Information provided |

_ _ _ _

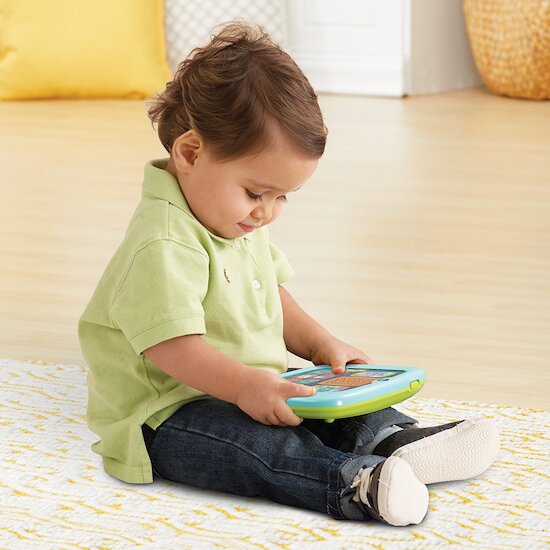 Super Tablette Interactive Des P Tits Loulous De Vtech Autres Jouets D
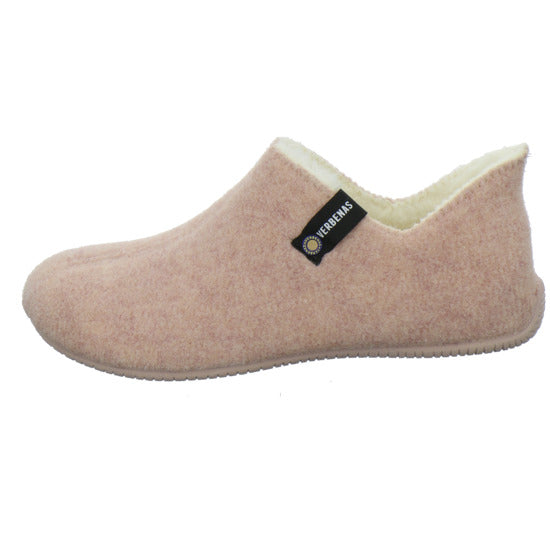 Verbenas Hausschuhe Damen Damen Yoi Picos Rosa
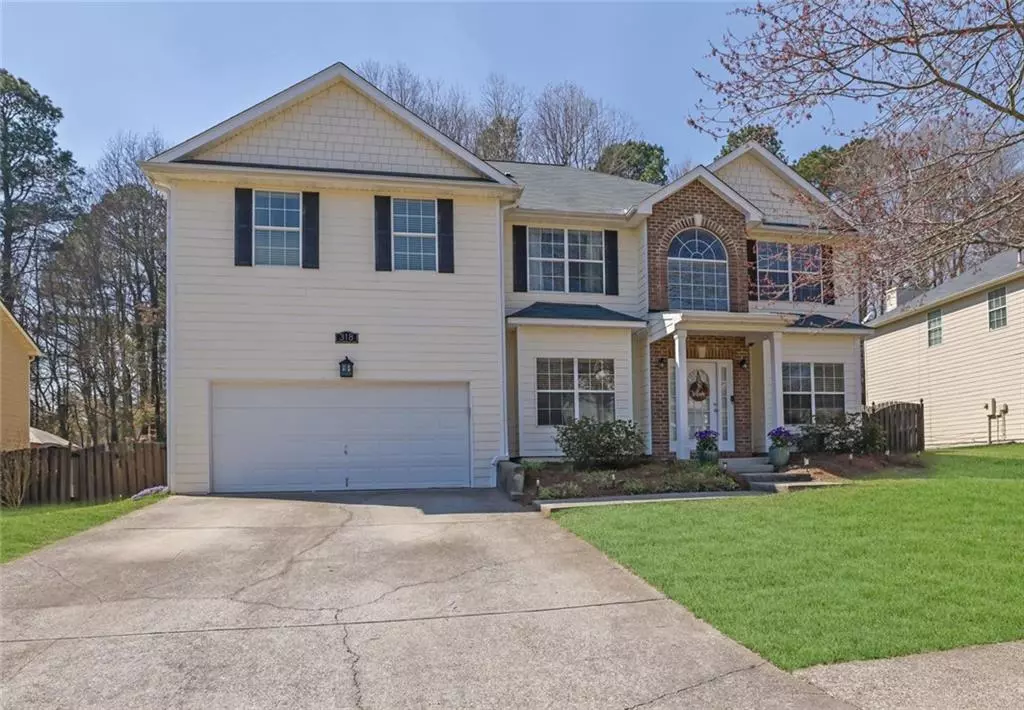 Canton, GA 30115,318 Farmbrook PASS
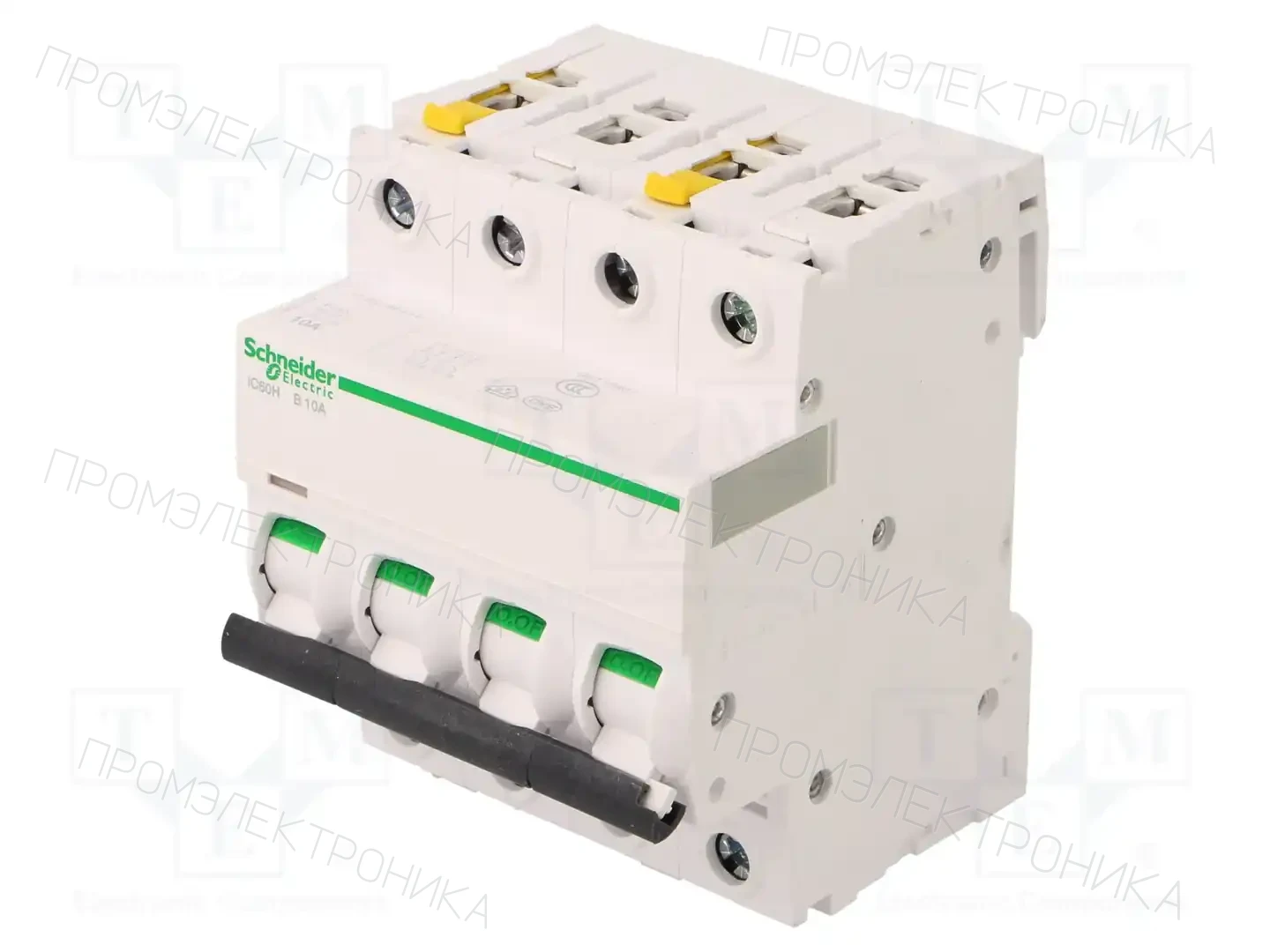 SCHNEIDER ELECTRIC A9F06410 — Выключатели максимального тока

_ _ _ _

Instructions to follow |
Retype the data in full. Images do not go in the copy.

Your solution |
 Super Tablette Interactive Des P Tits Loulous De Vtech Autres Jouets D
 Verbenas Hausschuhe Damen Damen Yoi Picos Rosa
 Canton, GA 30115,318 Farmbrook PASS
 SCHNEIDER ELECTRIC A9F06410 — Выключатели максимального тока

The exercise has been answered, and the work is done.